Posts Tagged ‘Albany’

If you live in Albany, NY – heck, in most of the country, the election polling places this week will experience the sound of crickets, despite the fact that the mayor, president of the common council, and several other positions will be up for the vote.

Including two county coroners. Albany County is among 35 counties in NYS that have an elected coroner. “Although two-thirds of all New York counties follow a coroner system (including counties where the district attorney is the elected coroner), most of the state’s population resides in counties with medical examiner systems. Many major metropolitan areas — including Buffalo, Long Island, New York City, Syracuse, and Westchester — are overseen by medical examiners.”

And coroners are party affiliated, at least here. As a registered Democrat who hates the one-party Democratic party system here, I have traditionally voted for the Republican candidates, pretty much out of spite.

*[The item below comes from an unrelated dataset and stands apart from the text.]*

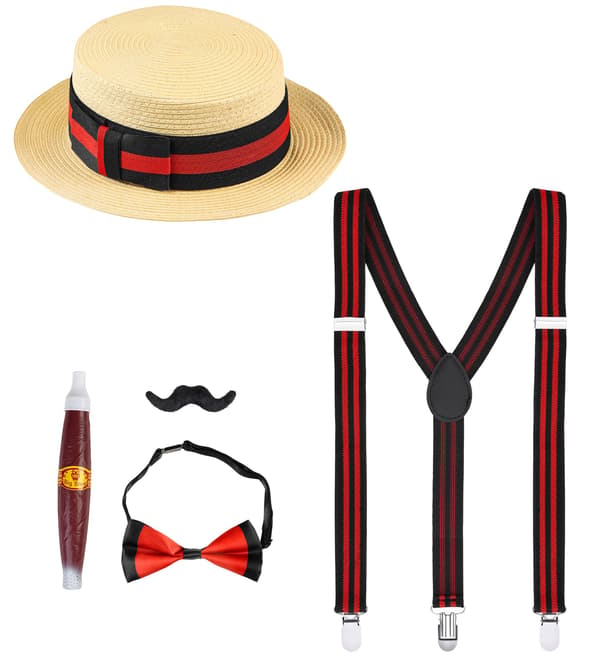 Herr Retro 1920-tals Set Hatthängslen Cigarr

For the first time since I’ve lived in Albany County, and that goes back to 1979, I’m voting for one Democrat, the guy I voted for in the Democratic primary in September, albeit on the Working Families line this time. (New York State allows for cross-endorsements.)

I’m HOPING, though, that there will be a larger than average turnout because of the statewide Constitutional Convention vote, one of three items on the back side of the ballot. I went to a debate about the issue last week between women from the League of Women Voters (pro) and the NYCLU (con). Even the LWV advocate admitted that the organization’s support is a combination of hope and frustration with the status quo.

The LWV rep said that, at 55,000 words, far longer than the US Constitution or most state constitutions, the New York State constitution could lose about 20% of its content and have zero impact on anything; regulations superseded by others but the old rules were never removed, for instance.

Watch Constitutional Convention 2017 Explained. A YES vote means that candidates, three per state senate district plus 15 statewide delegates – (63X3)+15= 204 delegates – will be chosen in November 2018. The legislature could theoretically pick the 15 themselves.

Anyone, theoretically, could run, but it would be much harder, as it now stands, for someone not affiliated with a political party to get on the ballot. In the first three months of 2019, the state legislature could theoretically change some of the rules – make three districts within the state senate districts, instead of three at large seats, e.g.

Will state legislators run? They could, but they would be on the ballot twice, once for their legislative slot and one as a delegate, and quite possibly get paid for both. How would the voters feel about that?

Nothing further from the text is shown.